Contactez rapidement l’équipe soignante si l’attelle provoque une douleur inhabituelle, des fourmillements, un engourdissement ou une marque profonde sur la peau. Un pied froid, pâle, bleu ou plus douloureux nécessite un avis urgent. L’orthèse doit maintenir le genou sans comprimer la circulation.

Quand faut-il consulter si le genou reste gonflé ?

Un gonflement peut persister après une luxation, car les ligaments, les muscles et les tissus autour de l’articulation ont subi un traumatisme important. Il doit toutefois diminuer progressivement avec le repos relatif, la surélévation et les soins autorisés. Une amélioration suivie d’une aggravation mérite déjà un appel au médecin.

Demandez un avis rapidement si l’œdème augmente, si la douleur devient importante, si le genou est très chaud ou si une fièvre apparaît.
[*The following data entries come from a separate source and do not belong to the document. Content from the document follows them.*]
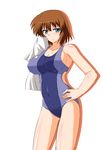  blue_eyes brown_hair lyrical_nanoha mahou_shoujo_lyrical_nanoha mahou_shoujo_lyrical_nanoha_a's mahou_shoujo_lyrical_nanoha_a's_portable:_the_battle_of_aces material-s older one-piece_swimsuit short_hair simple_background solo swimsuit zerosu_(take_out) 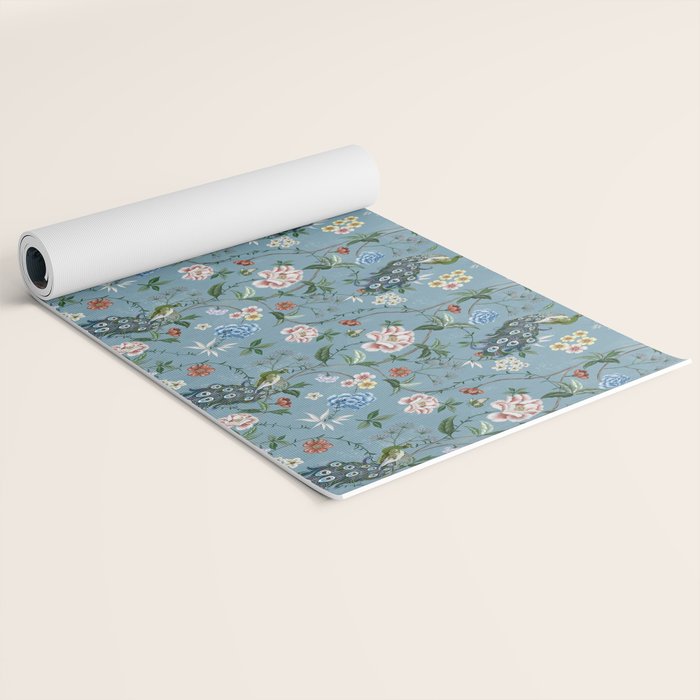 Chinoiserie Peacock teal greens florals oriental Yoga Mat Gallery Image 2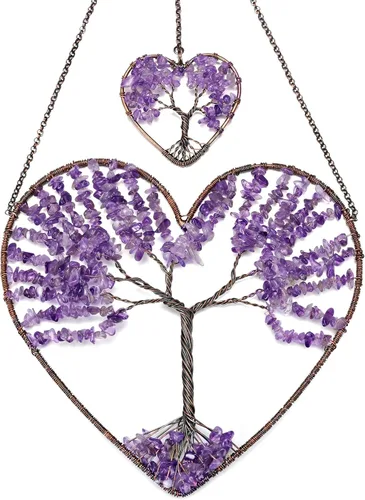 Miniatura 4 de Jovivi Árbol de la vida Feng Shui Crystal Heart Colgante Ornamento Amatista Piedras Curativas Piedras Curativas Yoga Meditación Ventana Colgador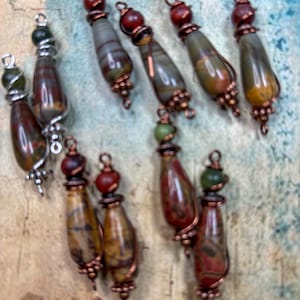 Red Creek Jasper Dangle Earrings: Bohemian Rustic Teardrop Jewelry image 2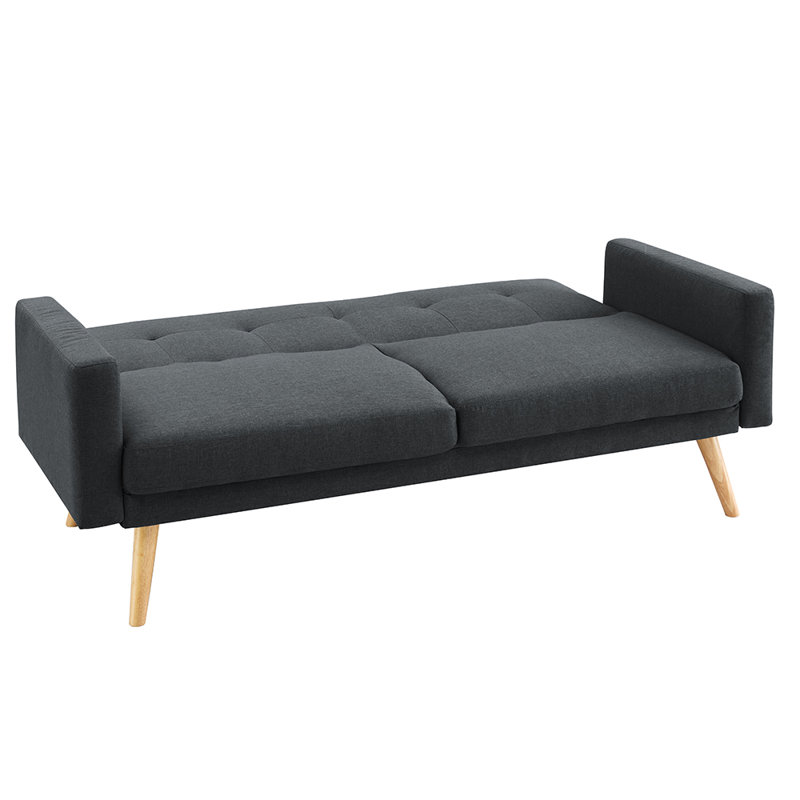 Furrier 2 Seater Sleeper, Charcoal with Mustard Bolster cushions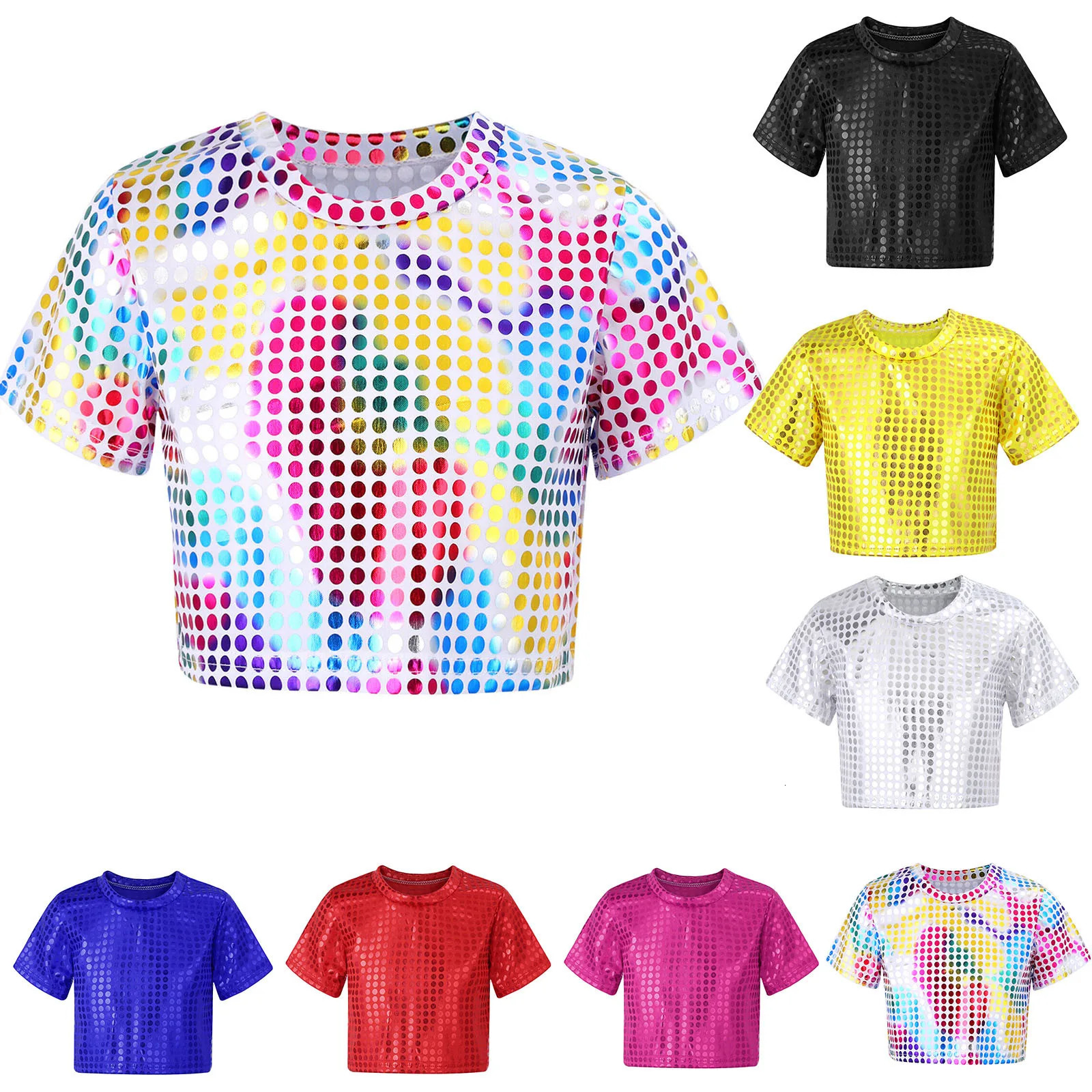 Jazz Dance Costumes Kids Boys Girls Shiny Sequins Short Sleeve Solid Color T-shirt Crop Tops Street Dance Stage Performance Wear 250407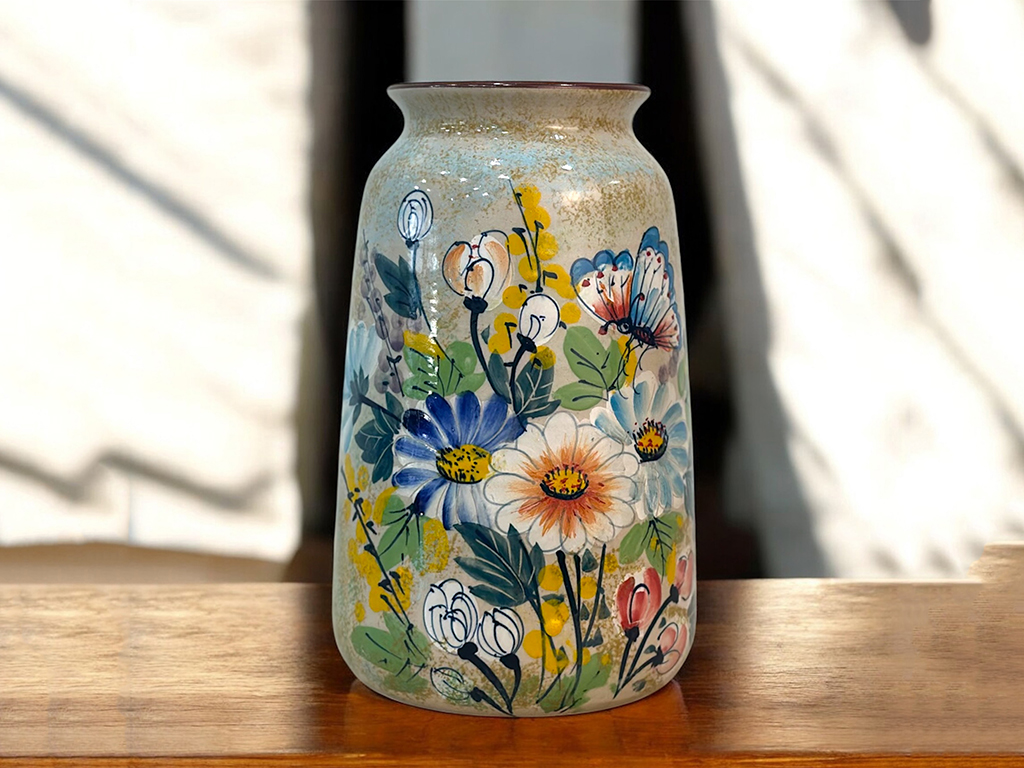 Bình hoa Bát Tràng trang trí decor dáng phích hoa cỏ 3D 2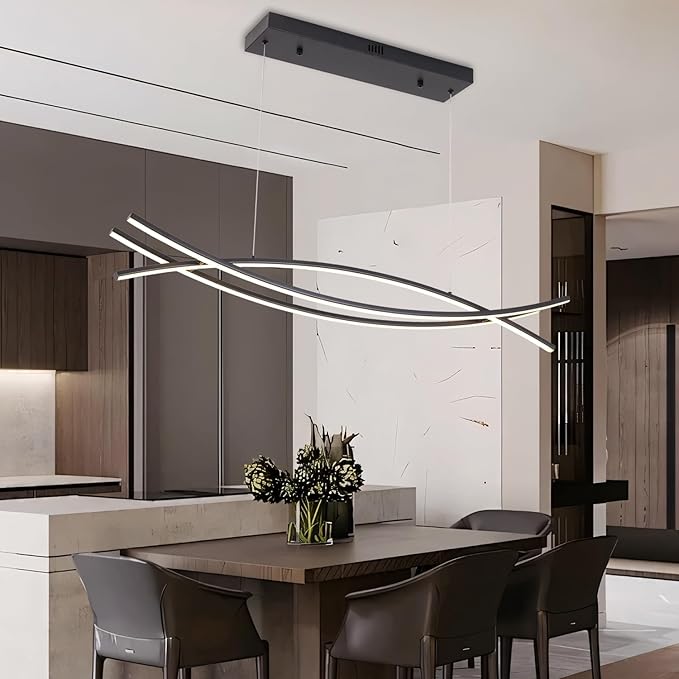 Modern Pendant Light - 39.37" LED Dimmable Chandelier for Kitchen Island & Dining Room, Adjustable Height with Remote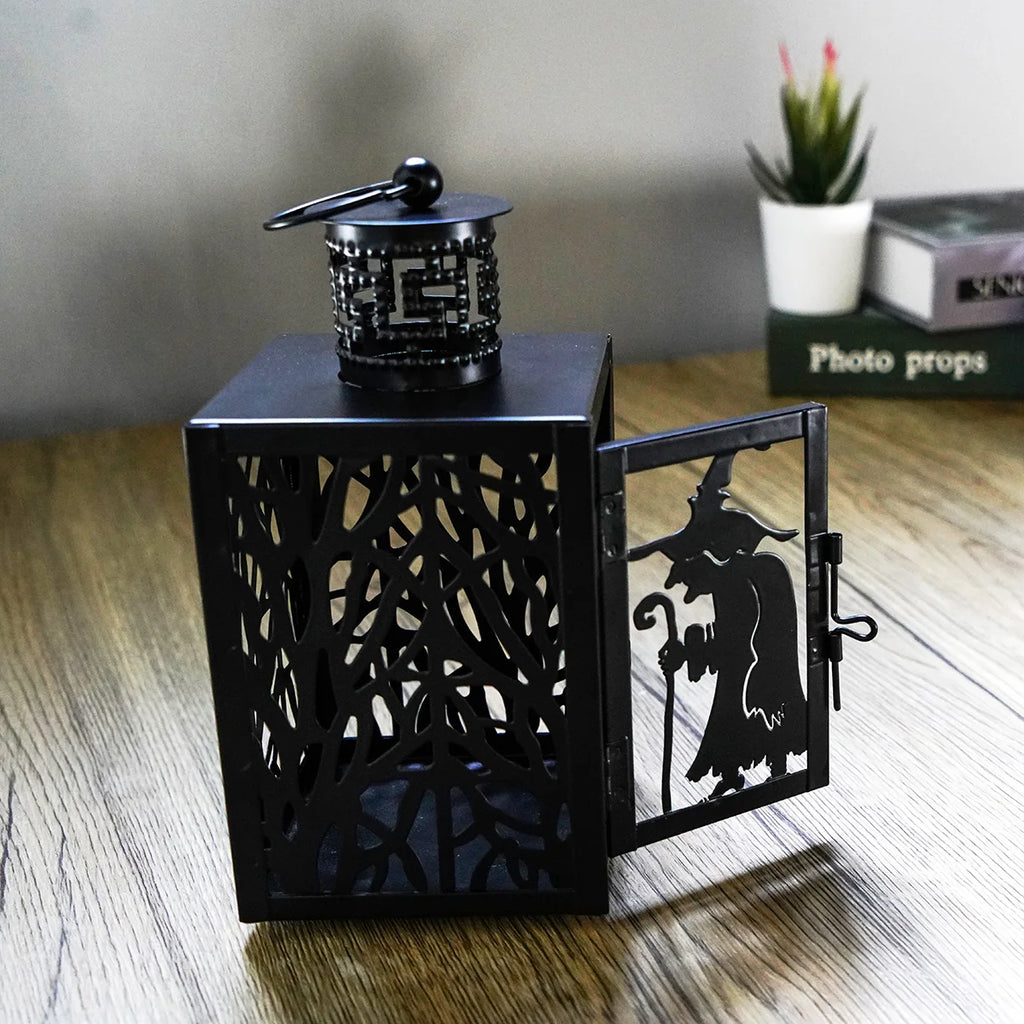 Halloween Iron Hollowed Lantern | Candle Lantern in Cat, Witch, Haunted House & Spooky Tree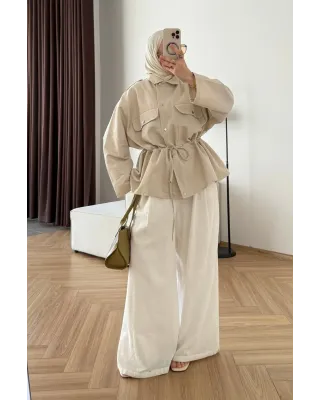Oversized Beige Parka Jacket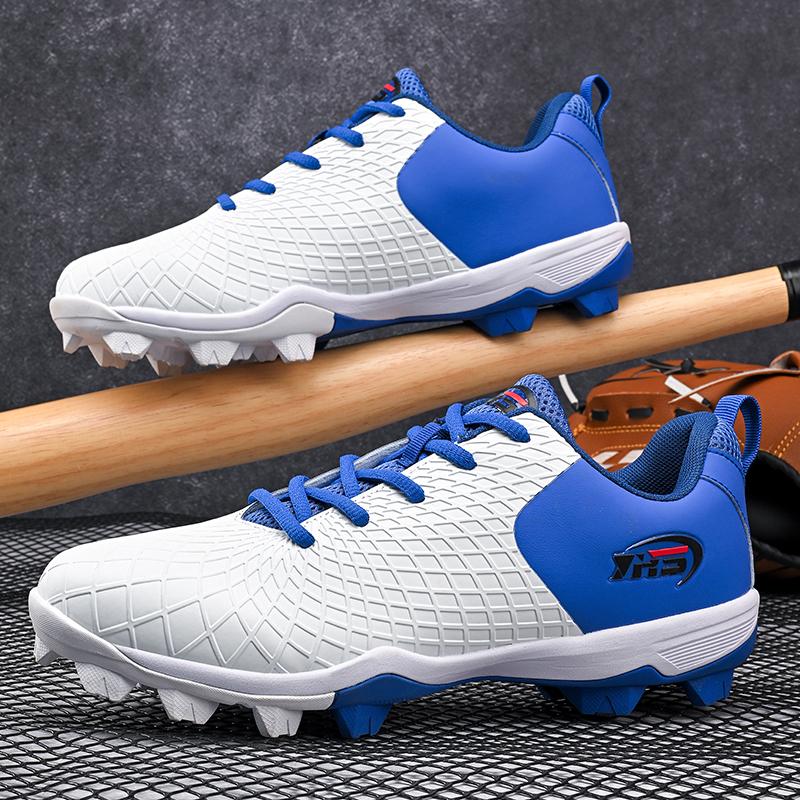 Custom Baseball Cleats Breathable Textured Upper Spike Shoes Outdoor Sports Training Softball Footwear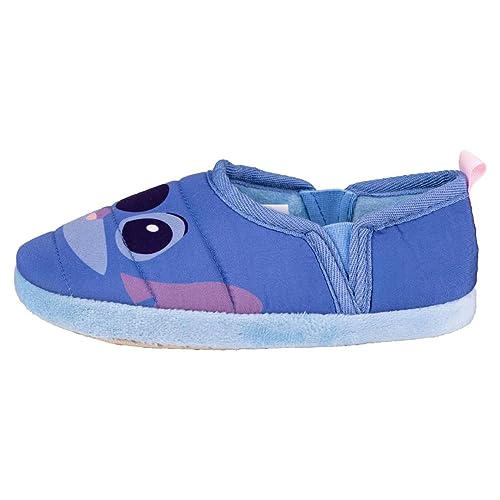 Disney Stitch Hausschuhe, Blau, Größe 36 – 37, elastische Passform, Kinderschuhe, Typ Francesita aus Polyester, Originalprodukt, entworfen in Spanien, blau, 36/37 EU von Disney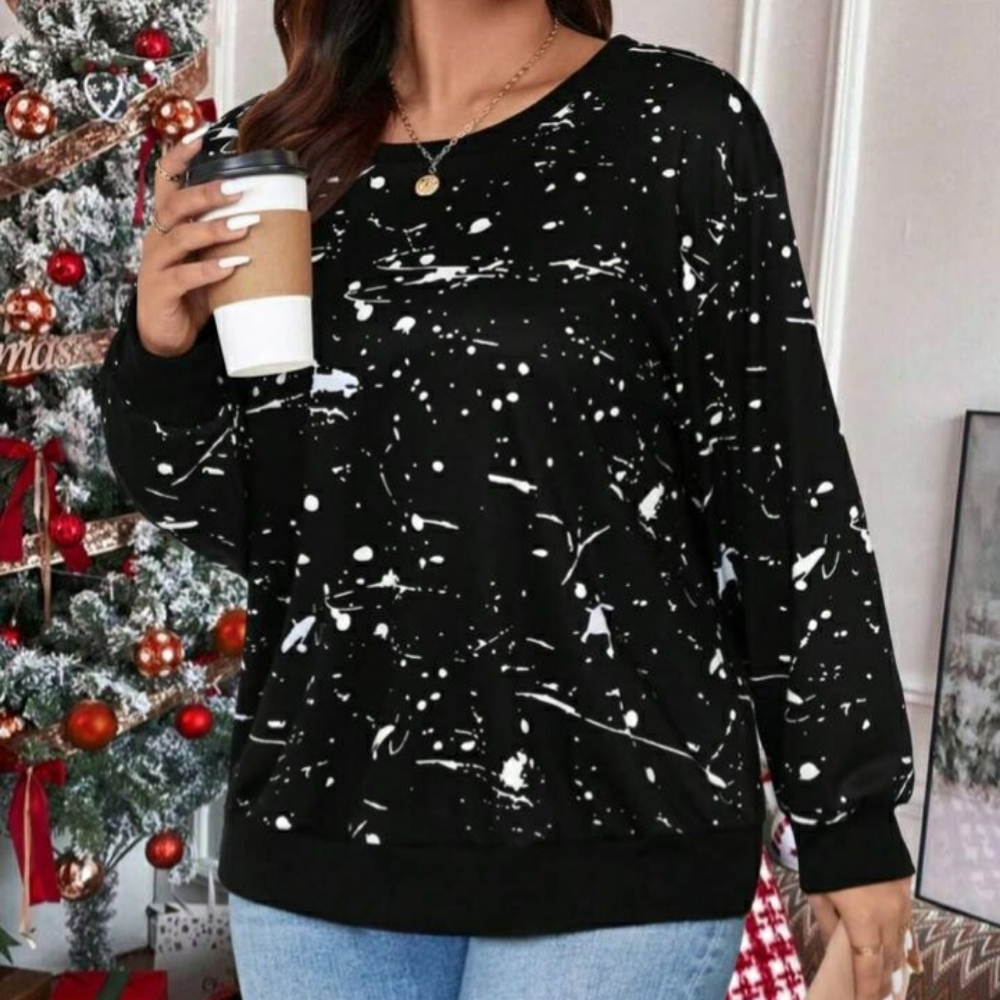 ● FATE | Off The Shoulder Foil Paint Splatter Sweatshirt Top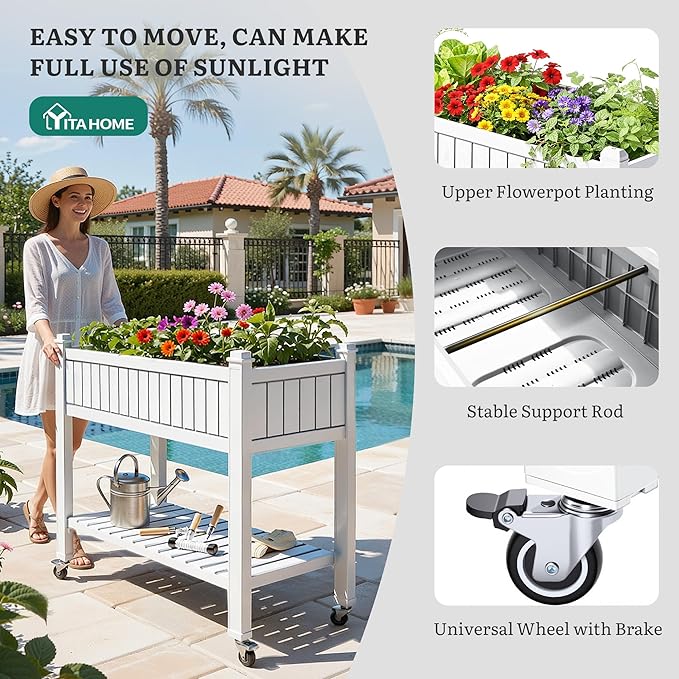 YITAHOME 42.5x17.3x35.4 in Raised Garden Bed Outdoor Plastic Planter Box with Wheels Legs Drain Plug and Storage Shelf for Plants Vegetables Flowers Herbs White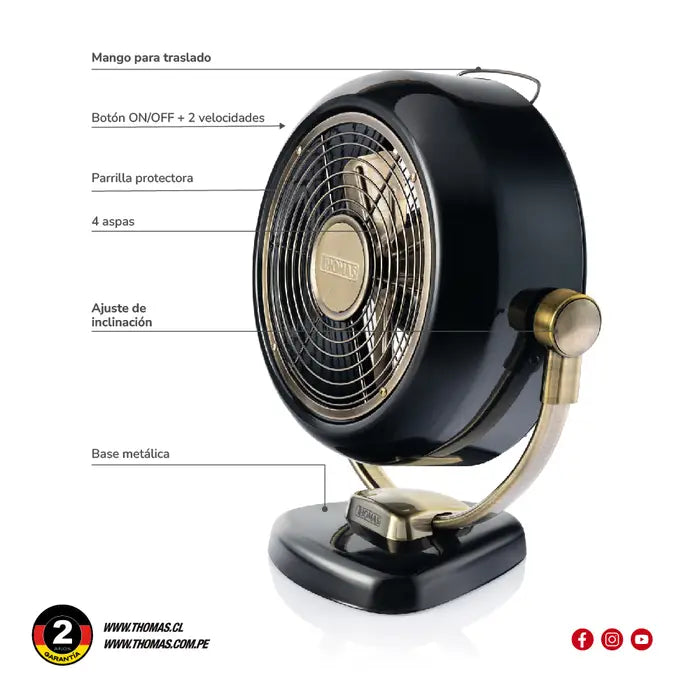 Ventilador de Mesa 8" Retro Thomas TH-12BNM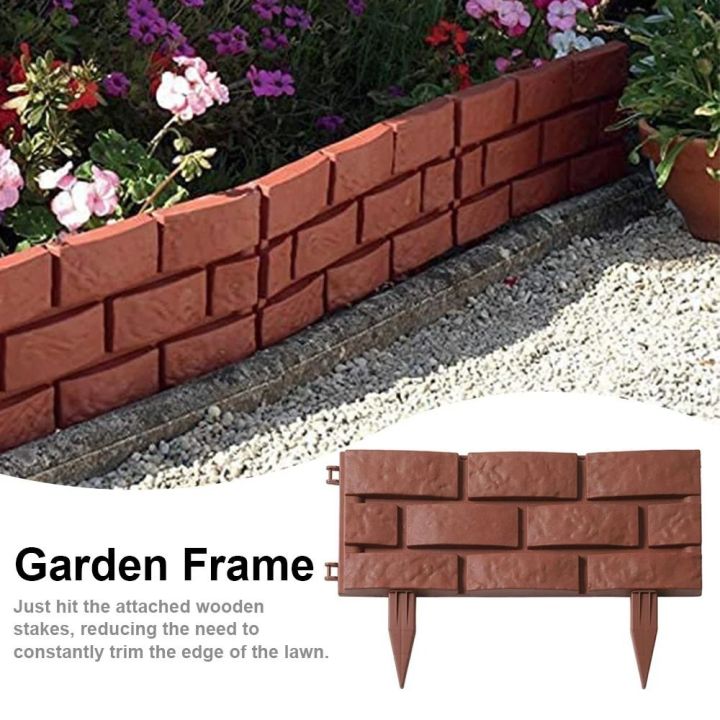/4Pcs%20Flower%20Bed%20Border%20Plastic%20Garden%20Fence%20Brick%20Brown%20Mini%20Wooden%20Fence%20DIY%20Serviceable%20Lawn%20Fence%20Yard%20-%20Image%207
Un mollet douloureux ou tendu, ainsi qu’un changement de couleur du pied, imposent une évaluation sans attendre. Ces signes ne doivent pas être attribués automatiquement à une récupération normale.

Une genouillère suffit-elle pour reprendre le sport ?

Une genouillère ne remplace ni la cicatrisation des tissus ni la rééducation, et elle ne garantit pas la stabilité du genou. Elle peut accompagner une reprise lorsqu’une orthèse adaptée a été prescrite ou conseillée, mais elle ne doit pas servir à reprendre plus tôt malgré une faiblesse ou une instabilité.

Avant le retour au sport, le spécialiste vérifie la force, la mobilité, le contrôle de la jambe et la stabilité lors de tests fonctionnels. La course, les sauts, les pivots et les contacts sont réintroduits progressivement. Les repères généraux de l’activité physique recommandée par la HAS ne remplacent pas l’autorisation donnée pour votre genou.

Conclusion

Que faire après une luxation du genou ? La priorité reste d’appeler les secours, de ne pas manipuler l’articulation et de ne pas prendre appui sur la jambe blessée. Même si le genou semble s’être remis en place, un contrôle médical est indispensable pour vérifier la circulation sanguine, les nerfs et l’état des ligaments. L’immobilisation doit ensuite être respectée, avec les réglages et la durée prescrits par l’équipe soignante.

La récupération se construit progressivement, grâce à une rééducation adaptée et à une reprise prudente de la marche, du travail et du sport. Les délais varient selon les lésions, la stabilité retrouvée et la nécessité éventuelle d’une intervention. Une surveillance prolongée peut rester nécessaire pour prévenir une instabilité persistante ou une arthrose post-traumatique. Pas de précipitation : la diminution de la douleur ne signifie pas que le genou a retrouvé toute sa solidité.

En cas de pied froid ou pâle, de perte de sensibilité, de faiblesse, de douleur croissante ou de gonflement inhabituel, consultez en urgence ou appelez immédiatement le 15 ou le 112.